‘The Killing Fields,’ a harrowing film about journalists and the Cambodian genocide, turns 40
Roland Joffe's 1984 film was the story of a Cambodian journalist and his American counterpart.
The Killing Fields is, at once, a war movie, a journalism movie, and the story of the friendship between an American journalist, Sydney Schanberg, and his Cambodian counterpart, Dith Pran. It tells their stories together and separately- focusing both on the American’s guilt over leaving his friend behind in Cambodia, and the way his Cambodian friend survived the Khmer Rouge’s genocide.

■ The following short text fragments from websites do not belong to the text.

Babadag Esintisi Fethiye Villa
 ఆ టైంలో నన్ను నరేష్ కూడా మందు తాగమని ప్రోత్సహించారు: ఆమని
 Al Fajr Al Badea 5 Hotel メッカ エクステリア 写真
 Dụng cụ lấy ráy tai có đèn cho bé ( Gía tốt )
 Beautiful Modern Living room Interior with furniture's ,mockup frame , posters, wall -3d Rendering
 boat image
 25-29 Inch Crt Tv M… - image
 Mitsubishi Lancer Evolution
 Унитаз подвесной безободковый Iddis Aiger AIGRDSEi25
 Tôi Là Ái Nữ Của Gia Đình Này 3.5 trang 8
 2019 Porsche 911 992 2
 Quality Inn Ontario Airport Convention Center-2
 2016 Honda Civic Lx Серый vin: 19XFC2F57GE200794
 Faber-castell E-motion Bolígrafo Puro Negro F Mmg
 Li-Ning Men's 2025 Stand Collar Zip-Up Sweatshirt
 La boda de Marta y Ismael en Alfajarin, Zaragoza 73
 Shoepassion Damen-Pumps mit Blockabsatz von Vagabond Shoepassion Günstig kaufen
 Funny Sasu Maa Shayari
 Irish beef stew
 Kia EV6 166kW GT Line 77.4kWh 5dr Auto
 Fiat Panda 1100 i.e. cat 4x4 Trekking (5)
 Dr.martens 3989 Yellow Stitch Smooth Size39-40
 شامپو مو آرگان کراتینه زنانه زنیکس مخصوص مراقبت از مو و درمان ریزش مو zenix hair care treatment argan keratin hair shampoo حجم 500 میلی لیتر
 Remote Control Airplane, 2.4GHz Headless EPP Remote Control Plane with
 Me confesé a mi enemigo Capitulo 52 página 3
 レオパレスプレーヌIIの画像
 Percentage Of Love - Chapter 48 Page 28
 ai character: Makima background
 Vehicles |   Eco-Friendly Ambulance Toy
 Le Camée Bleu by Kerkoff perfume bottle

Released in November of 1984 — 40 years ago this month — The Killing Fields was directed by Roland Joffe in his directorial debut and written by Bruce Robinson. It was adapted from the book by Shanberg called The Death and Life of Dith Pran, although Pran didn’t die until many years after the release of the movie or book.
Set over several years in the 1970s, The Killing Fields begins with Schanberg (Sam Waterston) in Cambodia, in 1973, covering the early part of that country’s civil war, with the help of photojournalist Dith Pran (Dr. Haing S. Ngor, the Cambodian actor who won an Oscar for his first movie role.) Once the Khmer Rouge takes power and foreign journalists are evacuated, Schanberg returns to the U.S., wins a Pulitzer for his work, and makes efforts to get his friend out of the country.
We’re also shown Pran’s time under the totalitarian regime and his ultimate survival, which is the sort of story that’s often been told in cinematic Holocaust narratives.
If one peruses the Letterboxd reviews of this film, you’ll see some people describe it as a “white savior” narrative, since it’s Schanberg, who is white, trying to rescue his friend, who is not. But this type of thinking tends to be limited, for quite a few reasons.